Instructor fined after diver's death at 45m

Dunbar Karen Bryan

Picture: Karen Bryan.

A Yorkshire diving instructor has been fined for inadequate supervision following the death of a rebreather trainee on a submarine wreck-dive in Scotland four years ago.

Ashley Roberts of Huddersfield, whose company Ash Roberts Technical was wound up two years ago, pleaded guilty to breaches of the Health & Safety at Work Act 1974 and was fined £2300. The proceedings at Edinburgh Sheriff Court were reported by the Yorkshire Post and the Huddersfield Examiner.

In July 2017, 59-year-old Glenrothes diver William Peace took part in a wreck-dive to 45m, three miles off Dunbar in south-eastern Scotland. Their objective was a WW1 German mine-laying U-boat that had sunk in 1916.

Peace had some 30 years’ recreational diving experience, and he and another trainee were using closed-circuit rebreathers. Roberts had told them that the session would be a “fun dive” that would allow him to assess their abilities before they embarked on a TDI mixed-gas closed-circuit rebreather course with him the following day.

Roberts and the trainees had all descended to 13m when the instructor decided to go back up to find out what had happened to a friend who was supposed to have accompanied them. The friend had abandoned the dive because of a leaking drysuit, but by the time Roberts had gone back down he had been unable to find the trainees.

The two men had continued to the seabed, where they had got into difficulties. Peace had become unresponsive and his buddy had made several unsuccessful attempts to lift him before running out of time and having to ascend alone.

19 September 2021

As reported at the time on Divernet, an emergency call was issued and the Coastguard launched a major search operation. Peace’s body was eventually recovered by police divers following a sonar search.

A Health & Safety Executive (HSE) investigation concluded that Roberts had been responsible for assessing, instructing and supervising the trainees but had failed to carry out a suitable assessment of their abilities before entering the water.

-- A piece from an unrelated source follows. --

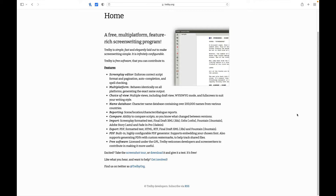Trelby has a reporting feature covering scene location, character, and dialogue reports, and the ability to compare scripts between different versions. It can import Final Draft, Celtx, Fountain, and Fade In Pro formats. For export, it supports formatted text, HTML, RTF, Final Draft XML, Fountain, and PDF — with a built-in, highly configurable PDF generator that supports embedding custom fonts and generating watermarks to help track shared files.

It said that any initial assessment should have been carried out much shallower than 45m.

Roberts had also failed to verify the number of rebreather hours Peace had completed, or to check his charges’ rescue abilities.

“Many diver training courses require an initial assessment dive in order to establish that divers can demonstrate the required prerequisite competency before progressing to formal training and assessment of more advanced skills and techniques,” said HSE specialist diving inspector Alister Wallbank.

“Competency is a combination of skills, knowledge and experience; it is a recognised fact that many previously learned diver skills can fade over time if not routinely or recently practised.”